Zygophyllum dumosum Boiss. is a perennial Saharo-Arabian phytogeographical element and a dominant shrub on the rocky limestone southeast-facing slopes of the Negev desert. The plant is highly active during the winter, and semideciduous during the dry summer, i.e., it sheds its leaflets, while leaving the thick, fleshy petiole green and rather active during the dry season. Being resistant to extreme perennial drought, Z. dumosum appears to provide an intriguing model plant for studying epigenetic mechanisms associated with drought tolerance in natural habitats. The transition from the wet to the dry season was accompanied by a significant decrease in nuclear size and with posttranslational modifications of histone H3 N-terminal tail. Dimethylation of H3 at lysine 4 (H3K4)--a modification associated with active gene expression--was found to be high during the wet season but gradually diminished on progression to the dry season.
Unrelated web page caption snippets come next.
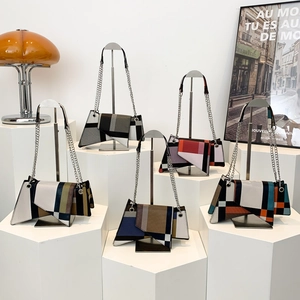 Minimalist geometric patchwork shoulder bags in various color combinations with chain straps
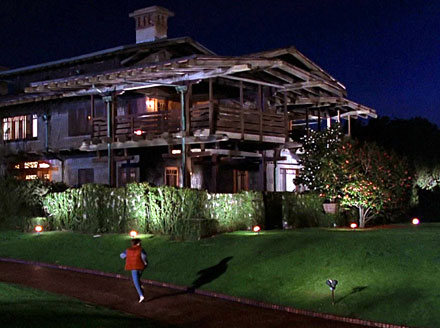 Marty McFly running up the driveway of the 3-story arts and crafts style Gamble House, used as the set for the home of Doc Brown in Back to the Future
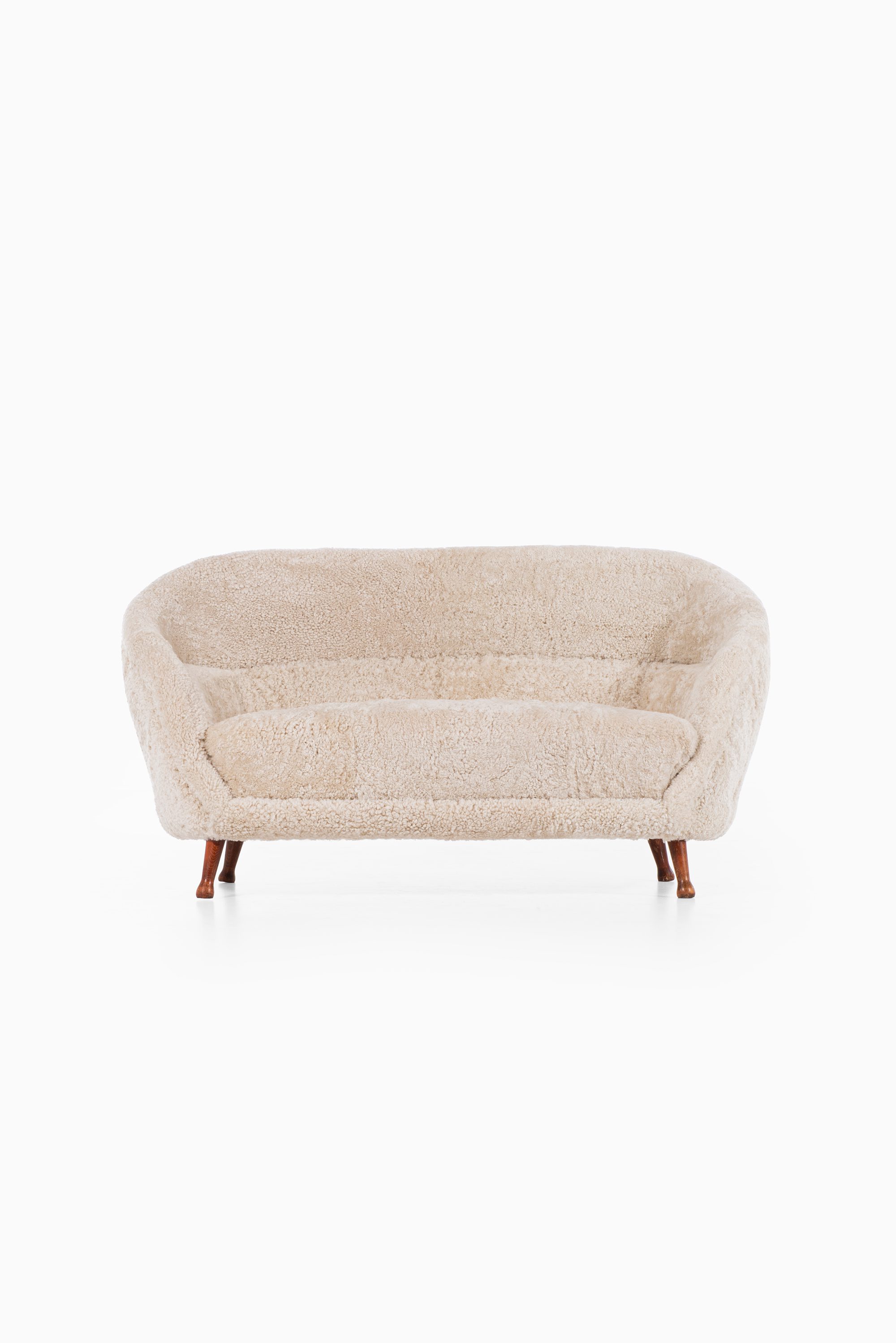 Arne Norell sofa in dark stained beech and sheepskin at Studio Schalling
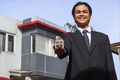 Property agent in suit holding a house model in hand  - PhotoDune Item for Sale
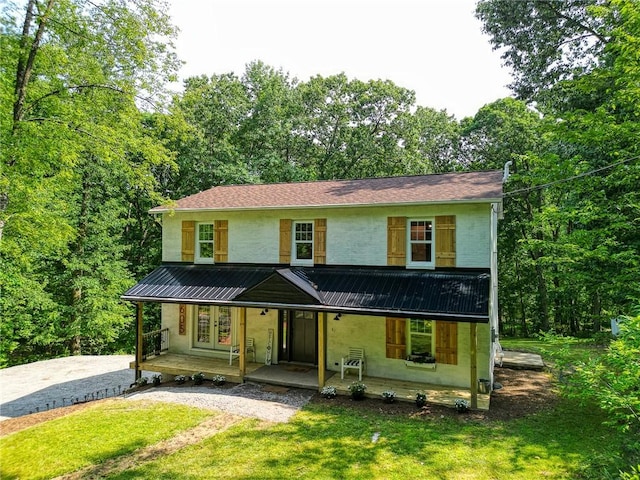 view of front of property with a porch and a front lawn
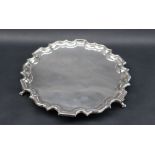 A George VI silver salver with "Chippendale" inspired edge, on three scrolling feet,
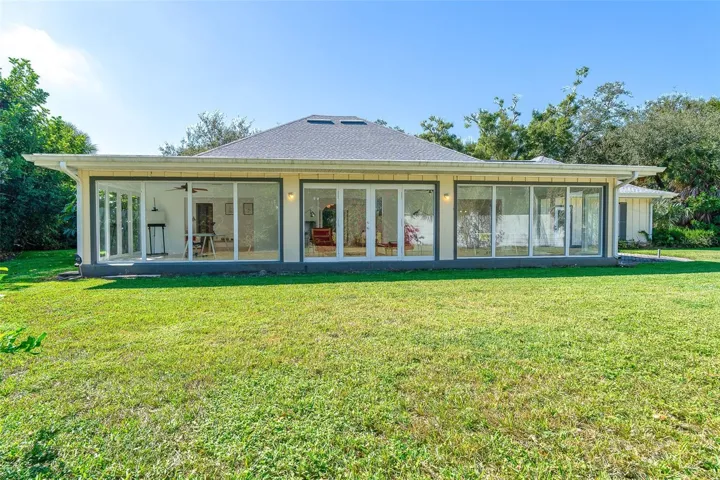Expansive glass doors and windows line the back of the home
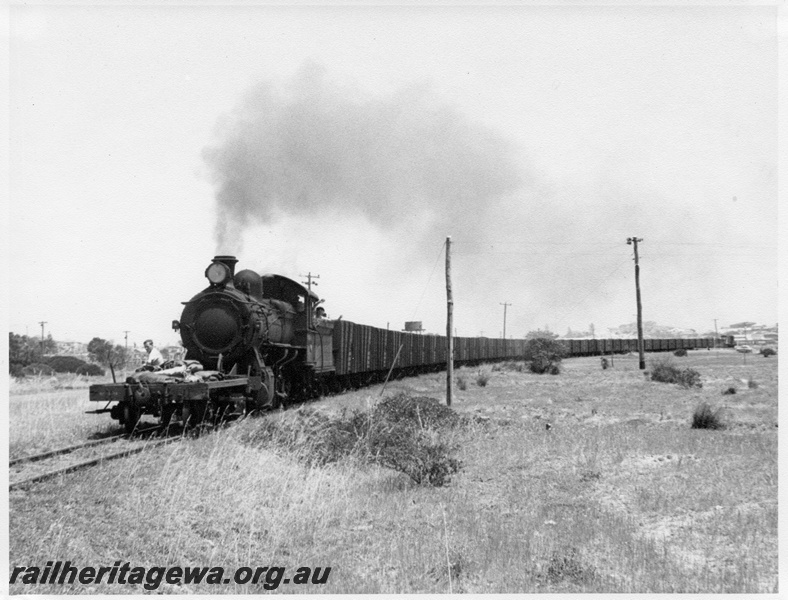 P14663
F Class propelling a NS Class shunters float hauling a long train of GH Class high sided wagons, between Bunbury and Bunbury Powerhouse
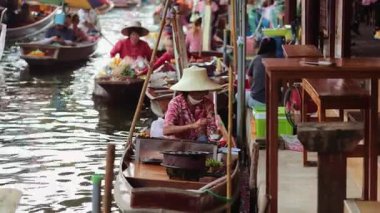 Damnoen Saduak, 5 Haziran 2025: Taylandlı kadın ünlü yüzen markette teknesinden satay şiş ızgara yapıyor..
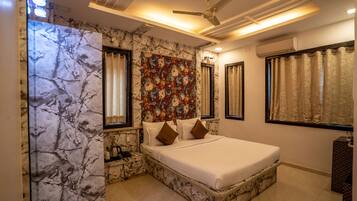 A bedroom with a marble-patterned wall, a floral mural, a bed with white bedding, and a ceiling fan.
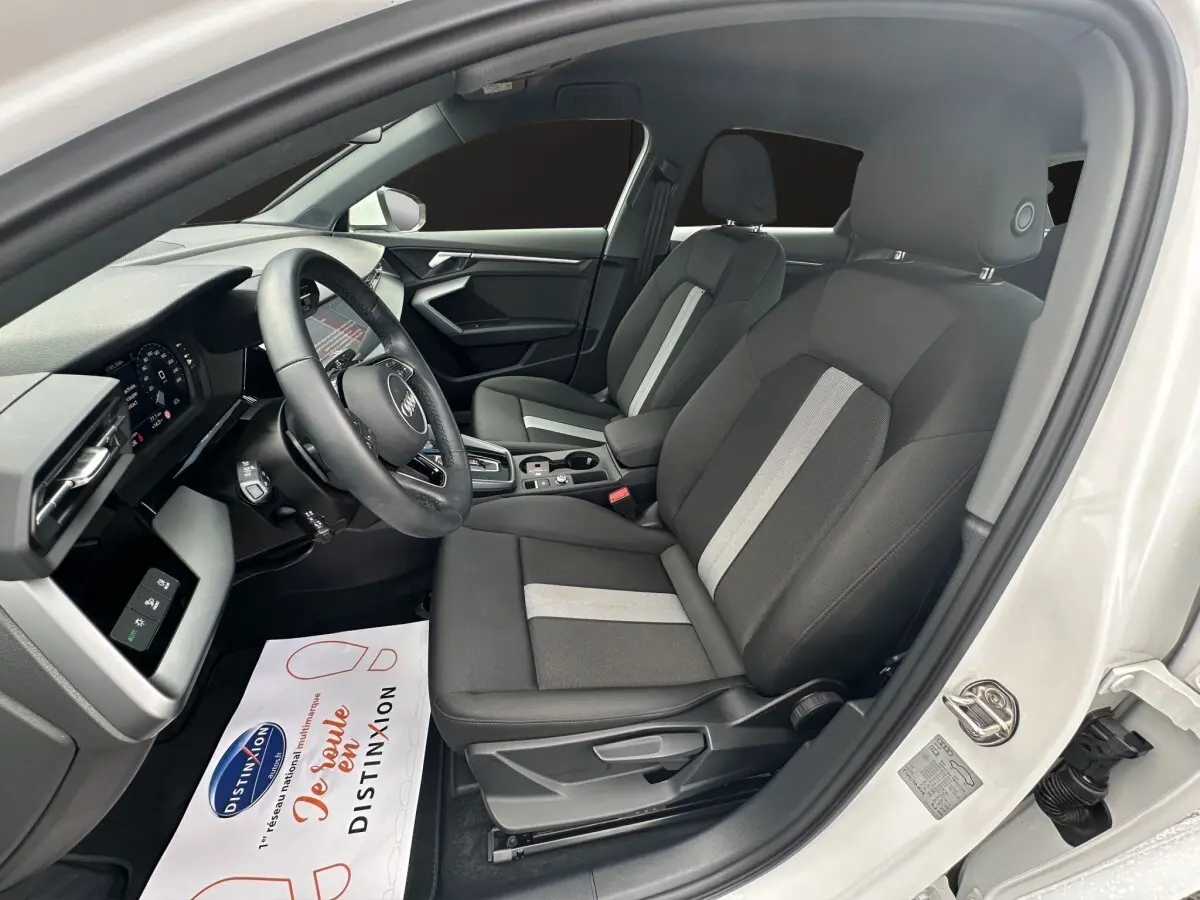 Vue intérieure côté conducteur de l'Audi A3 blanc 2024, sièges tissu noir avec bandes grises et tableau de bord moderne.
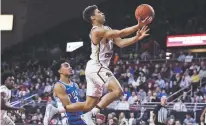  ?? CHARLES KRUPA/ASSOCIATED PRESS ?? Boston College guard Derryck Thornton, right, drives to the basket past Duke guard Tre Jones during the second half of Tuesday’s game in Boston.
Unexpectedly, H3K9 di- and trimethylation as well as H3K27 di- and trimethylation could not be detected in Z. dumosum; H3K9 monomethylation appears to be prominent in Z. dumosum during the wet but not during the dry season. Contrary to Z. dumosum, H3K9 dimethylation was detected in other desert plants, including Artemisia sieberi, Anabasis articulata and Haloxylon scoparium. Taken together, our results demonstrate dynamic genome organization and unique pattern of histone H3 methylation displayed by Z. dumosum, which could have an adaptive value in variable environments of the Negev desert.

Phosphorylated H3S10 occurs in distinct regions of the nucleolus in differentiated leaf cells.

Serine 10 phosphorylation of histone H3 (H3S10ph) has long been considered a mitotic marker, which is often associated with chromosome condensation both in plants and animals. Yet, in animal cells, H3S10ph was found associated with transcriptional activation of genes. Here we extend this view to plant cells showing that H3S10ph not only occurs in dividing cells during mitosis, but also in differentiated mesophyll cells. In these cells H3S10ph displayed a peculiar localization within the nucleolus where it was restricted to specific domains reminiscent of fibrillar centers. Chromatin immunoprecipitation analysis showed that H3S10ph is associated with ribosomal DNAs. Thus, in plants H3S10ph appears to be associated with two structurally differing nuclear sites engaged in gene silencing (mitotic centromeres) and in gene transcription (nucleolus).